However, some analysts see the energy sector’s recent retrenchment as a case of too much too soon, noting that some stocks in the group may be coming detached from solid fundamentals, such as improving balance sheets and rising cash flow.

There is “increasing potential for a sharp short squeeze and move higher, given its extreme disconnect from oil fundamentals,” JPMorgan strategists led by Dubravko Lakos-Bujas said in a note cited by MarketWatch.

The bank considers energy among the cyclical groups that are currently “buys.” Other reopening fare, such as retailers and travel leisure names, also joined that list.

OIH 1 Year Performance

Where Do Crude Prices Go from Here?

Oil services stocks, including OIH components, are tightly correlated to West Texas Intermediate price action. With the benchmark domestic oil contract faltering of late, OIH is proving vulnerable, but that decline could be luring in bearish traders, potentially setting the stage for the aforementioned short squeeze.

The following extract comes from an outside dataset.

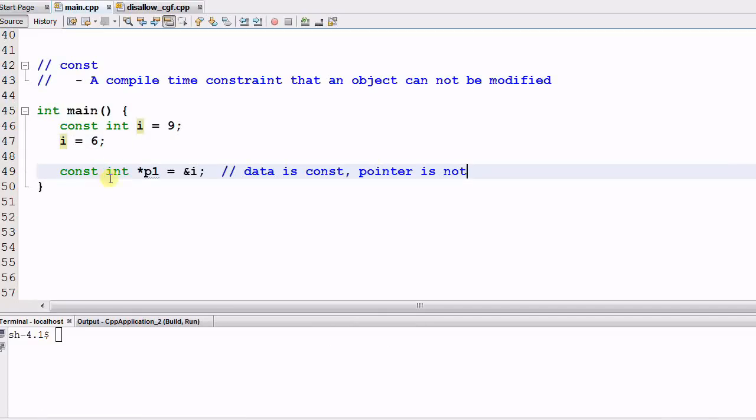CONST int star p1, what does that mean? It means the data that pointed to by p1 is a CONST, but the pointer itself p1 is not a CONST.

Short squeezes arrive when bearish traders are forced to rapidly unwind those bets, boosting the underlying security in the process. These scenarios are usually good for some near-term fundamentals, but aren’t reflective of fundamentals.

Good news for investors considering OIH: several banks see crude prices trending higher from here.

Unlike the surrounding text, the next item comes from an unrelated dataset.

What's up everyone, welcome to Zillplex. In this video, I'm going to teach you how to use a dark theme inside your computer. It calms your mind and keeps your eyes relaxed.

“JPMorgan also sees oil prices likely jumping to $80 per barrel by the end of this year due to rising demand and muted supply additions, Barron’s reports, citing a note from the bank’s analysts,” reports Tsvetana Paraskova for OilPrice.com. “Goldman Sachs also sticks to its $80 oil forecast for later this year, and even said that the OPEC+ deal adds a $2 a barrel upside to that outlook.”

In an interesting turn of events, JPMorgan notes the environmental, social, and governance (ESG) movement is leading to reduced oil output capacity faster than renewables can fill that void, providing support for oil prices in the process.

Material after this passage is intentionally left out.